Damit spricht er eine Entwicklung an, die in den vergangenen Jahren verstärkt wurde. Der Daviscup stand einmal für epische Matches, spannende Duelle, aufgebauscht von euphorischen Fans. 1990 feuerten 17.000 Zuschauerinnen und Zuschauer im Wiener Praterstadion "die drei Musketiere" an: Thomas Muster, Horst Skoff und Alexander Antonitsch begeisterten die Massen. Heute steckt der 1900 erstmals ausgetragene Daviscup in einer existenziellen Krise.

Die Investorengruppe Kosmos, mitbegründet vom ehemaligen spanischen Fußballstar Gerard Pique, investierte in den Tennissport. Im Sommer 2021 nahm diese Managementagentur Thiem als ersten Athleten unter Vertrag.

Lautstarker Protest

Bereits davor war Kosmos in den Daviscup eingestiegen. 2018 erwarb man die Vermarktungsrechte für die selbsternannte "Weltmeisterschaft im Tennis" und änderte das Format. Die beliebten Heim- und Auswärtsspiele wurden weitgehend abgeschafft, stattdessen fanden Matches häufig auf neutralem Boden statt. Der Protest war lautstark, auch wenn 71 Prozent der Mitglieder der International Tennis Federation (ITF) für die Veränderung stimmten. Die Folge: Fans und Topspieler blieben fern.

Anfang des Jahres übernahm der Weltverband ITF wieder die Kontrolle über den Daviscup. Offenbar hat sich Kosmos übernommen. Die Auszahlung der versprochenen Preisgelder vom vergangenen Jahr ist bis heute ausständig, heißt es. Der britische Tennisprofi Daniel Evans sagte am Rande der Australian Open: "Es war eine Frage der Zeit. Wir wurden ja ein bisschen zu gut bezahlt für gar nicht allzu viel Aufwand."

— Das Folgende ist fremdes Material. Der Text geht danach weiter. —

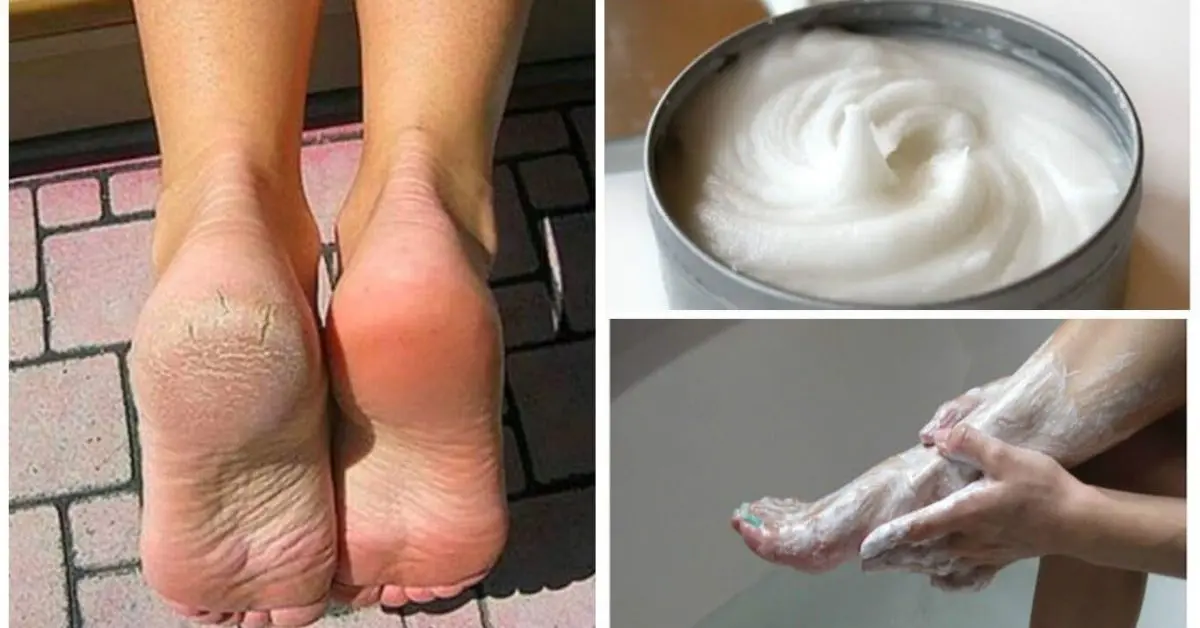 Amincissement des cors et callosités Amincissement des cors et callosités des pieds avant et après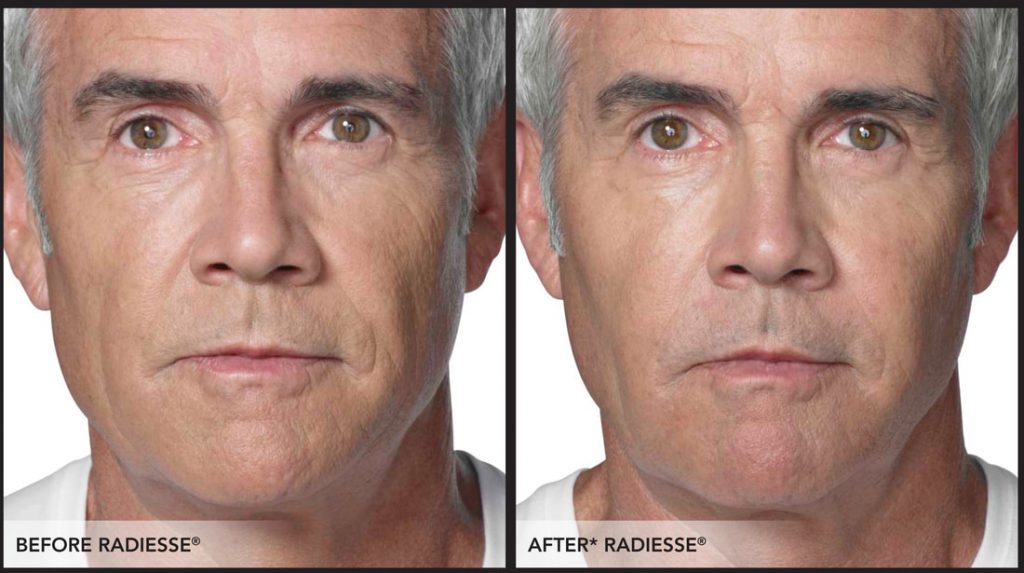 Radiesse filler for nasolabial folds, cheeks and jawline in a male by Dr. BCK Patel MD, FRCS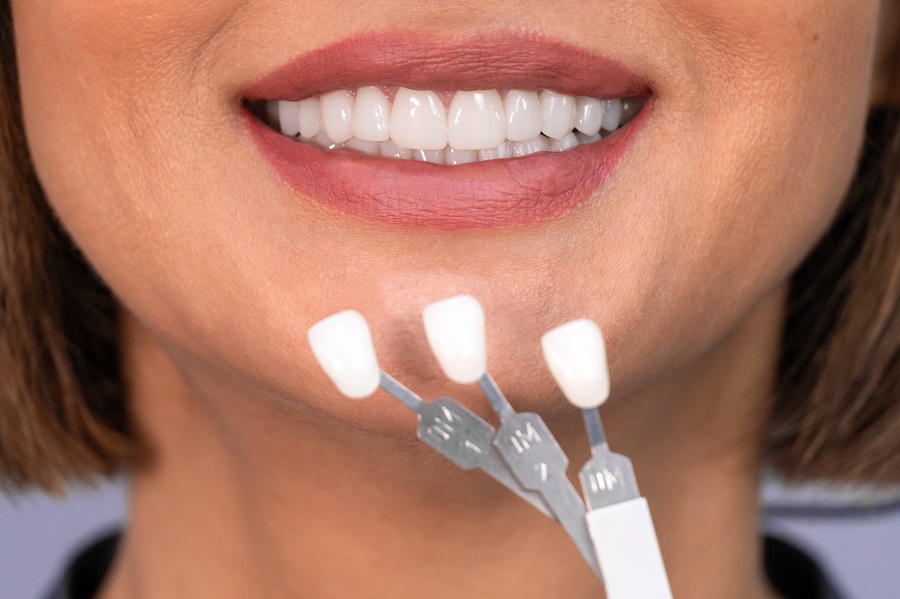 Tampa Dentist: Why Veneers May Be The Right Choice For You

Die ITF kündigte an, rechtliche Schritte gegen Kosmos einzuleiten, doch da kamen ihr die Vertreter aus Spanien zuvor: Die Agentur Kosmos reichte ihrerseits bereits Klage gegen die ITF ein – wegen Vertragsbruchs. Kosmos stünden noch bis 2043 die Verwertungsrechte des Daviscups zu.

Thiem schmerzfrei

Österreichs Kapitän Melzer sagt, die ITF wisse wohl aktuell selbst gar nicht, wie es mit dem Daviscup weitergehen soll. "Jetzt hat sich vielleicht herausgestellt, dass nicht alles Gold war, was glänzte." Melzer will seine Ideen kundtun, das Gespräch mit der ITF suchen. Sein Ziel: den Daviscup wieder "dorthin bekommen, wo er hingehört, nämlich zu einem der geilsten Bewerbe, die es im Sport gibt."

In Rijeka ist Thiem Österreichs Nummer eins. Er verletzte sich im Jänner bei den Australian Open, zog sich bei einem Ballwurf zum Service im Match gegen den Russen Andrej Rublew einen Muskelfaserriss in der Rippengegend zu. Die Schmerzen seien weg, sagt Thiem nun. Überkopfbälle hätten ihm noch Probleme bereitet, die verschwanden in den vergangenen Tagen aber. "Ich bin jetzt komplett schmerzfrei, fühle mich wohl. Meine Schläge sind jetzt besser, mir fehlt aber der Rhythmus. Den bekomme ich nur, wenn ich Matches gewinne. Ich hoffe, ich fange jetzt damit an."

Die erste Partie bestreitet Dennis Novak, er trifft auf Borna Coric, die Nummer 23 der Weltrangliste. "Ich bin Außenseiter, keine Frage", sagt der ebenfalls 29-Jährige. "Wenn ich gut spiele, habe ich meine Chancen."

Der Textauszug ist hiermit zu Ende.